UK economy enjoys stability despite North Sea pipeline shutdown
Consensus figures show economists are widely expecting gross domestic product (GDP) to have expanded by 0.4 per cent between October and December - in line with the third quarter - when official figures are released on Friday.
But some experts are warning that the figure could be lower due to a drop in industrial production after the North Sea Forties pipeline was temporarily shuttered for the bulk of December.
It came after a routine inspection found a hairline crack in the pipe just south of Aberdeen last month, prompting emergency repairs that stopped the flow of oil and gas from platforms feeding into the system.
Samuel Tombs, chief UK economist at Pantheon Macroeconomics, said it was one of the factors likely to have knocked down GDP growth to 0.3 per cent.
“Data up to November suggest that construction output plunged, subtracting about 0.1% from GDP growth. The strong recovery in industrial production, meanwhile, likely was brought to a halt in December by the closure of the Forties oil pipeline in the North Sea.
“Production, therefore, likely increased by just 0.4 per cent in quarter four.
“As a result, steady growth of 0.4 per cent in services output in quarter four - the same as in quarter three - would yield a 0.3 per cent rise in GDP.”
Alan Clarke, head of European fixed income strategy at Scotiabank, is also expecting a 0.3 per cent rise, but said the figure “would be excusable” and that the Bank of England would probably “forgive” the slowdown given the circumstances.
“With that pipeline switched back on, in January we could get a boost,” Mr Clarke added.
It temporarily takes the focus off the UK’s powerhouse services sector, which accounts for around 79 per cent of the economy but is likely to have experienced sluggish growth over the final three months of the year.
The UK is still struggling to bounce back to levels seen in the final quarter of 2016, when GDP rose by 0.6 per cent.
Economists at Investec - who are forecasting a 0.4 per cent rise for the quarter - believe full-year growth for 2017 is likely to come in at a five-year low of 1.8 per cent, compared with 1.9 per cent in 2016.
November employment figures released earlier this week showed that the number of people in work reached a record high of 32.2 million, prompting speculation that the UK economy may have been stronger than expected in the final quarter.
Howard Archer, chief economic adviser to the EY ITEM Club, said: “The buoyancy of the jobs numbers does perhaps point to an economy not quite as soft as some suggest. Quarter four’s GDP data, released this Friday, will reveal all.”
He added: “The hope is that productivity will pick up the slack in supporting growth.

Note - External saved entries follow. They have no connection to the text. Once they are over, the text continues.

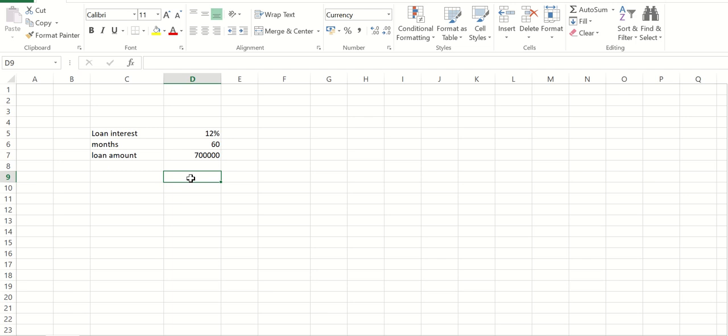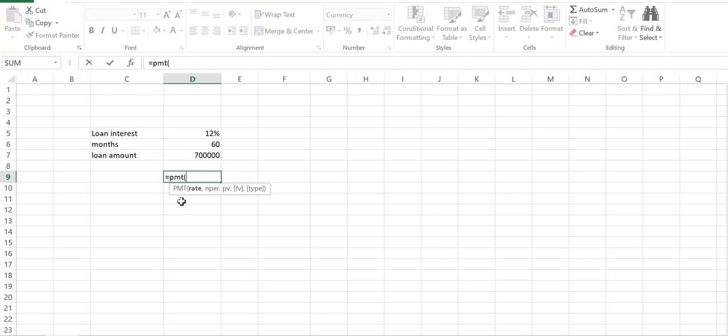So I am writing that PMT. Okay, is equal to, and then PMT. So first is the rate. So right now your rate is what, 12%? Okay, but that is per annum, so divide by 12.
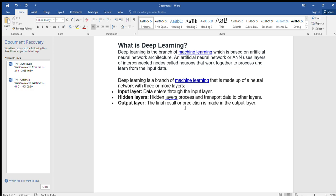Deep learning is a branch of machine learning that is made up of neural network with three or more layers. First one, input layer. Second one, hidden layer. Third one, output layer.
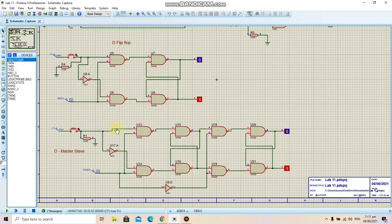Lastly, we have the master-slave D flip-flop. Here we can see the master part of the master-slave D flip-flop, and here is the slave D flip-flop.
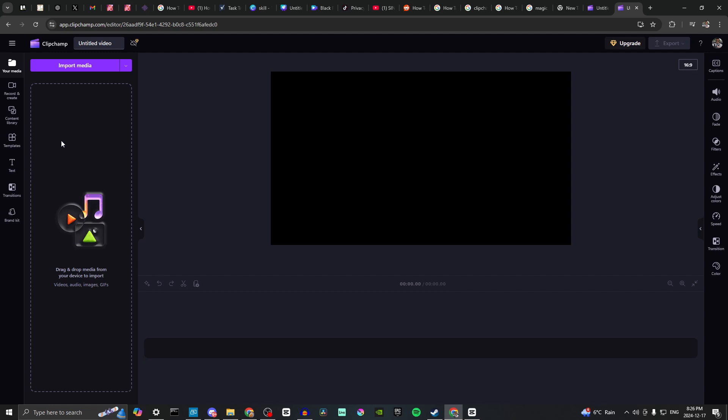The first thing that we want to do is import our media. You want to import the image that you're going to use for your background, and then you're going to import the video or whatever other content that you want to be overlaid on top of that.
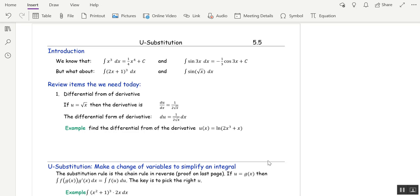Welcome to u-substitution, the most useful integration technique that there is. U-substitution is to integration what the chain rule is to differentiation. Think about how often we use the chain rule when we take derivatives.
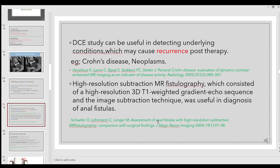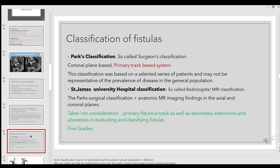Dynamic contrast enhancement can be useful in detecting underlying conditions causing recurrence post-therapy. This is taken from a Radiology article originally for Crohn's disease, but applicable to malignancies as well. Another application is 3D T1-weighted fat-suppressed gradient echo sequences with subtraction for MR fistulography — producing a track-alone picture giving a good 3D resolution. However, this is not widely practiced today because conventional T2 and T1 protocols have advanced considerably compared to the last decade.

With hours worked dropping in the latest data, alongside a rise in GDP, this hope is perhaps looking less faint.”
The International Monetary Fund (IMF) earlier this month slashed the UK’s growth outlook from 1.6% to 1.5% for 2019, the year it quits the European Union.
For 2018, the IMF is forecasting UK growth at 1.5 per cent, with the organisation previously saying that Brexit uncertainty and the inflation squeeze on household spending power would put the breaks on the UK economy.
The Washington DC-based group said firms are likely to continue deferring investment decisions until there is greater clarity on the UK’s future trading relationship with the European Union.